The distinctive delivery style, once he hits his stride, is as strangely compelling as ever. The audience buy into it, too, perhaps familiar with the precedent for linguistic grandstanding that Eddie Izzard set, or maybe they’ve just see enough TV adaptations of Dickens novels to understand his ambitious Victorian vocabulary.
What other stand-up will freely use words such words ‘quotidian’, inculcate’ or ‘recalcitrant’ in their set-ups? Or beautifully poetic phrases like ‘a litany of grim taboo’ or the description of himself as ‘a sculpture of my experiences’. Brand proves you can talk up to an audience, even when you’re just doing a Michael Jackson gag.
Talking of which, he trod very gingerly here, perhaps for fear of further tabloid misrepresentation. It would be comedy’s loss if he began to feel constrained by such possibilities.

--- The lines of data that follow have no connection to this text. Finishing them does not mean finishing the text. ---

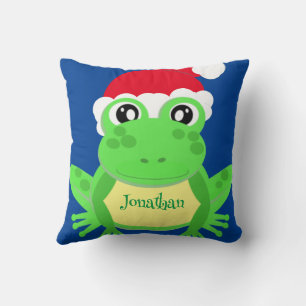 Christmas Blue Frog Weihnachtsmannmütze Novelty Fu Kissen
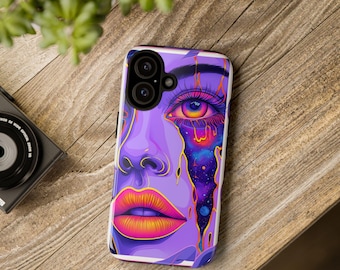 Capa para celular com rosto psicodélico | Capa resistente com retrato de galáxia derretida em neon, arte alucinante para iPhone e Samsung, presente exclusivo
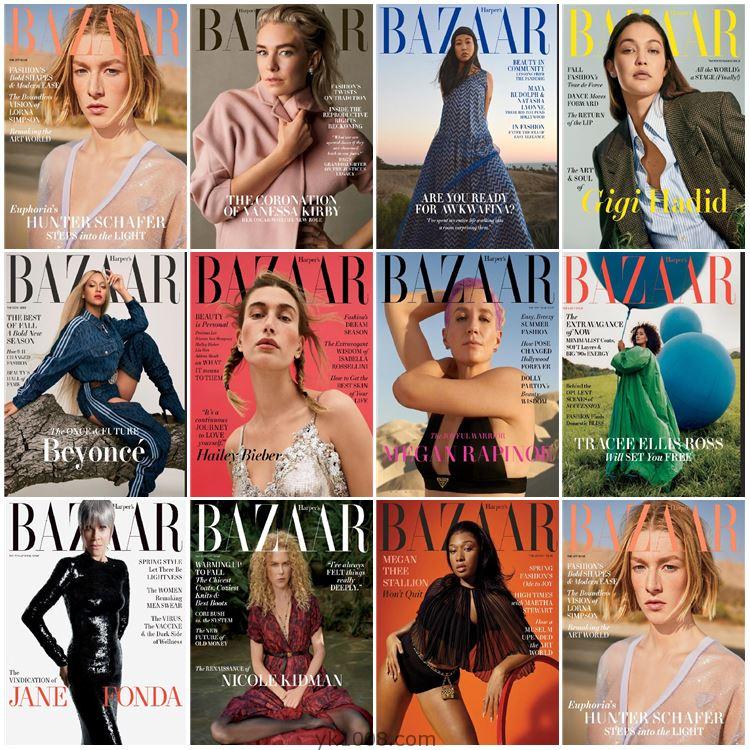 【美国版】Harper’s Bazaar USA 2021年度合集女性时尚潮流美容时装明星生活pdf杂志
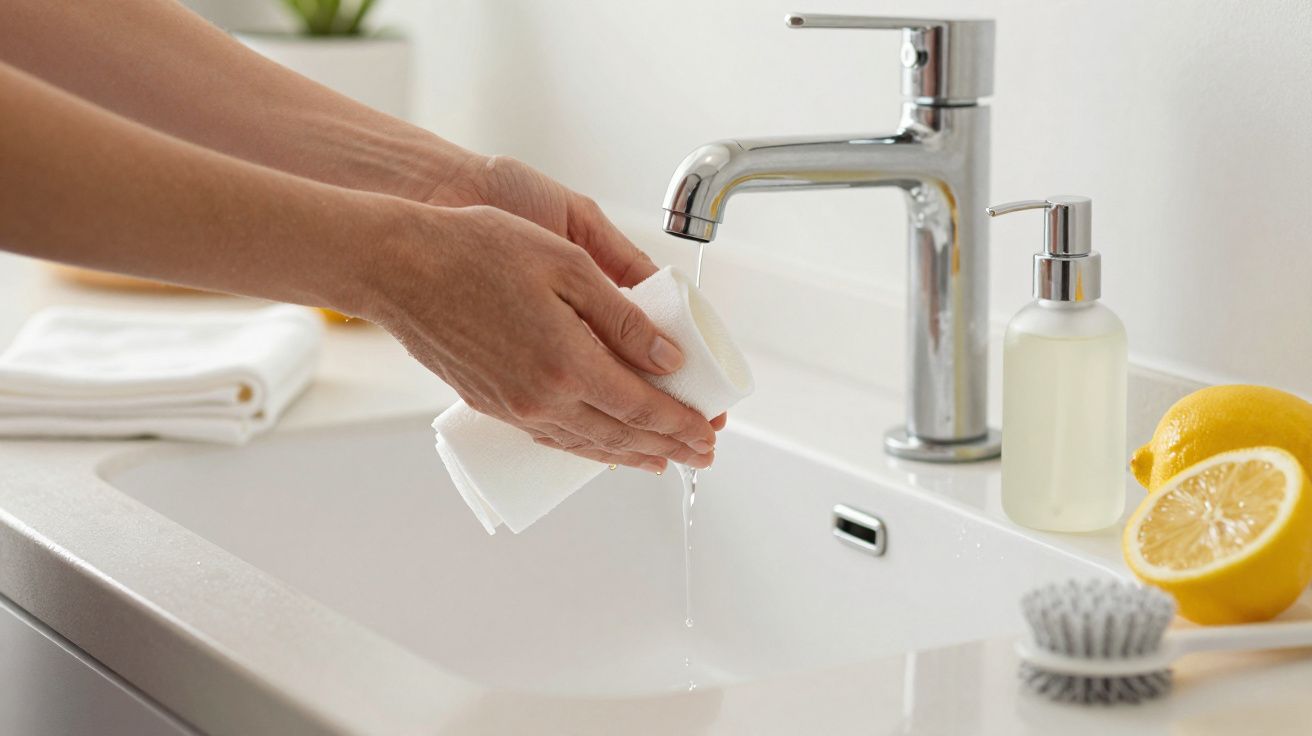 Mãos a espremer um pano húmido sobre um lavatório com torneira, limões, sabonete líquido e toalhas ao fundo.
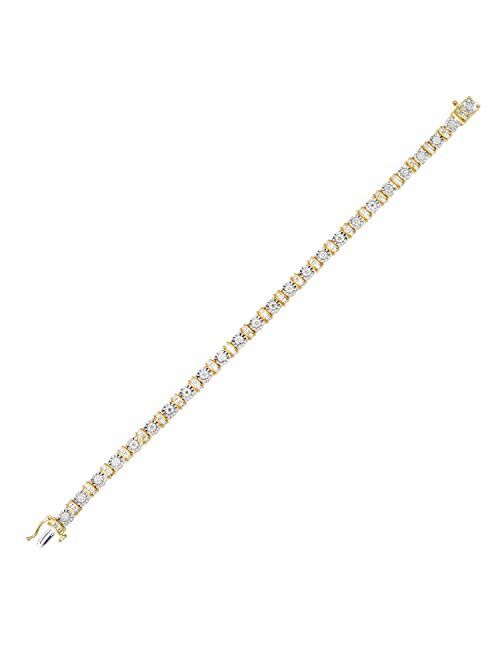 Dazzlingrock Collection 0.25 Carat (ctw) Round & Baguette White Diamond Ladies Illusion Tennis Bracelet 1/4 CT, White & Yellow Gold Plated Two Tone Sterling Silver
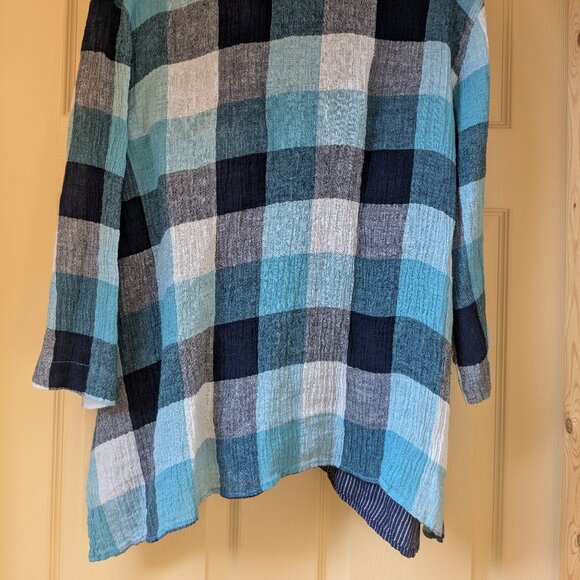 Liv by Habitat Yin Yang Shirt Womens Small Linen Blue Plaid Button Up Lagenlook - Picture 6 of 8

But it’s good material, and by the time he closed the show with a celebratory sex routine, full of cheeky filth, he’d won the audience over, consigning that very faltering start to a distant memory. Had this really been a blind date, we’d almost certainly be heading back to Brand’s bachelor for a ‘coffee’, and maybe a quick tootle on the kazoo, to use one of his own euphemisms.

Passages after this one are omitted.